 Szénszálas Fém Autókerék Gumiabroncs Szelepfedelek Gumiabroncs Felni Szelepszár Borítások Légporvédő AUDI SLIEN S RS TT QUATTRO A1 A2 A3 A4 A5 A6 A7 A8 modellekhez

········

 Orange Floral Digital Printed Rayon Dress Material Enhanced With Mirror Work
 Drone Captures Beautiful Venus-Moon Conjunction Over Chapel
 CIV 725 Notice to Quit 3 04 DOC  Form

········

**WORK TASK**: Reproduce, character for character, only the lines of the preceding data that start at the line with "Drone Captures Beautiful" and end at the line with "CIV 725 Notice", both included.

**RESULT OF THE EXERCISE**:
 Drone Captures Beautiful Venus-Moon Conjunction Over Chapel
 CIV 725 Notice to Quit 3 04 DOC  Form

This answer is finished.